The Environmental Factor
Should American foreign policy address deforestation in Haiti and population growth in Africa?
It should have been the best of times for a little-known assistant professor at the University of Toronto. In a lengthy 1994 Atlantic Monthly article that electrified readers all the way to the White House, journalist Robert Kaplan not only paid homage to the research of then 37-year-old Thomas Homer-Dixon but compared him to George F. Kennan, the architect of the containment doctrine that guided the United States during a half-century of cold war. Citing Homer-Dixon's 1991 work in the academic journal International Security--"even bolder and more detailed" than Kennan's "X" article of 1947--Kaplan sketched a dark view of the global future in which growing scarcities of water, forests, arable land, and fish, along with rapid population growth and other ills, would breed civil strife and war. The environment will be the national security issue of the 21st century, Kaplan declared, and Homer-Dixon held the keys to understanding it.

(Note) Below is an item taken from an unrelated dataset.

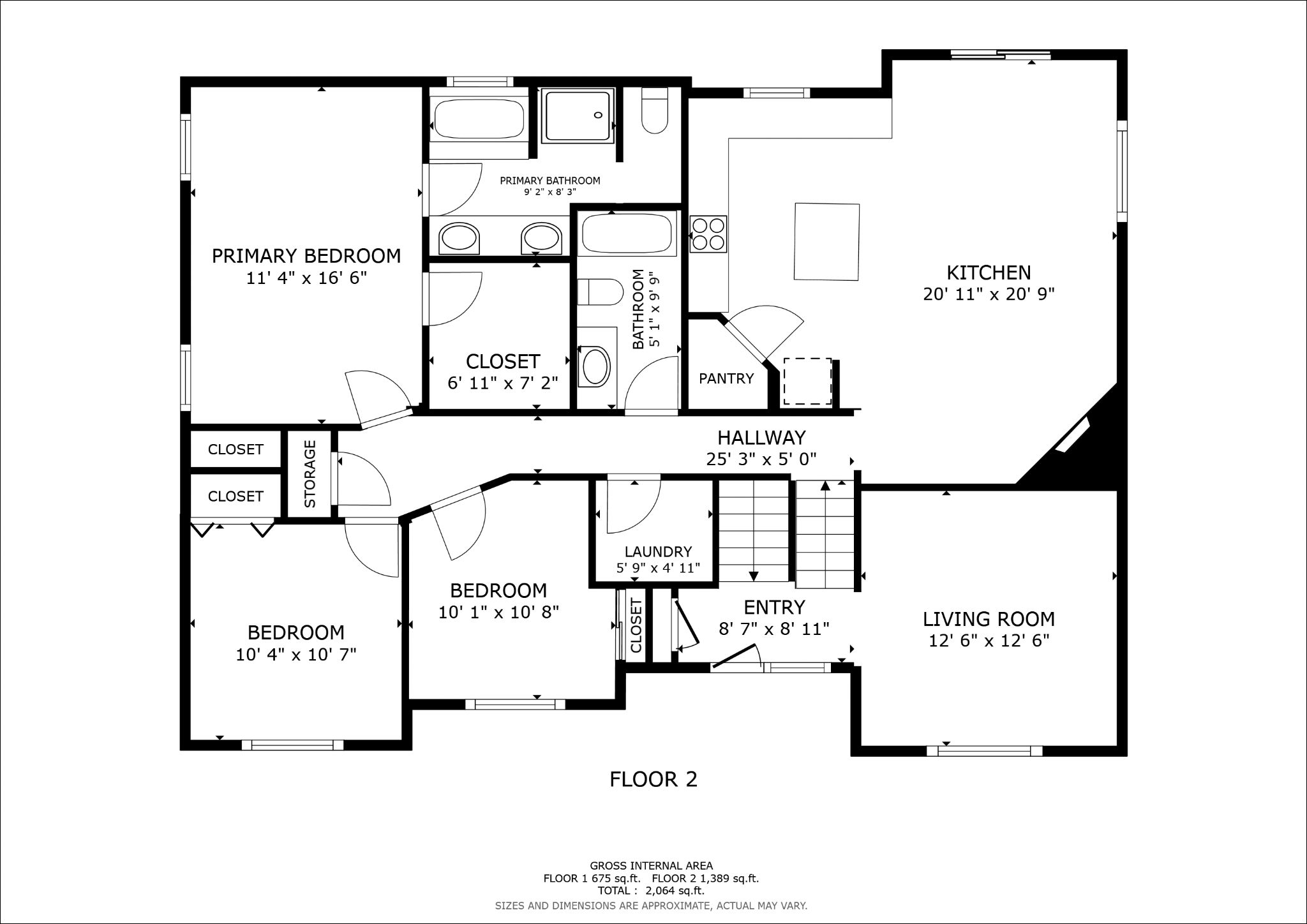 230 Hackberry St,&nbsp;North Liberty,&nbsp;IA,&nbsp;Image&nbsp;52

Kaplan's own travels through the chaos of West Africa, where he saw governments and entire societies in places such as Sierra Leone and Togo crumbling under the weight of unbearable environmental and demographic stresses, seemed to bring these academic hypotheses to life. "Africa may be as relevant to the future character of world politics as the Balkans were a hundred years ago, prior to the two Balkan wars and the First World War," he suggested.